THE PROBLEM:
In the entries below, find every line with the string "about" and copy it.

Segment Start: RECORDED DATA

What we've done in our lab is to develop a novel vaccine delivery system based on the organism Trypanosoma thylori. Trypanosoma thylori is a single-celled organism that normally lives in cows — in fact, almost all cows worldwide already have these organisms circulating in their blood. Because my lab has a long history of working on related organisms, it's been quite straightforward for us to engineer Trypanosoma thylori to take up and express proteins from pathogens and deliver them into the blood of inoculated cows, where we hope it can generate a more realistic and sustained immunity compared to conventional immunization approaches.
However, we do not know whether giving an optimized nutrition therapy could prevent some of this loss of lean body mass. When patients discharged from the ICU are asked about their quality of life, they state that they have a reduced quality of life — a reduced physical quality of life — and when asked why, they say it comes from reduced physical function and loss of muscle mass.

Segment End: RECORDED DATA
Segment Start: RECORDED DATA

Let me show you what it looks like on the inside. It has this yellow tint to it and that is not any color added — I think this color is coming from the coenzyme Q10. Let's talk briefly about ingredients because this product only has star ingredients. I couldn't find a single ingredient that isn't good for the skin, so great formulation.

Segment End: RECORDED DATA

ANSWER TO THIS EXERCISE:
However, we do not know whether giving an optimized nutrition therapy could prevent some of this loss of lean body mass. When patients discharged from the ICU are asked about their quality of life, they state that they have a reduced quality of life — a reduced physical quality of life — and when asked why, they say it comes from reduced physical function and loss of muscle mass.
Let me show you what it looks like on the inside. It has this yellow tint to it and that is not any color added — I think this color is coming from the coenzyme Q10. Let's talk briefly about ingredients because this product only has star ingredients. I couldn't find a single ingredient that isn't good for the skin, so great formulation.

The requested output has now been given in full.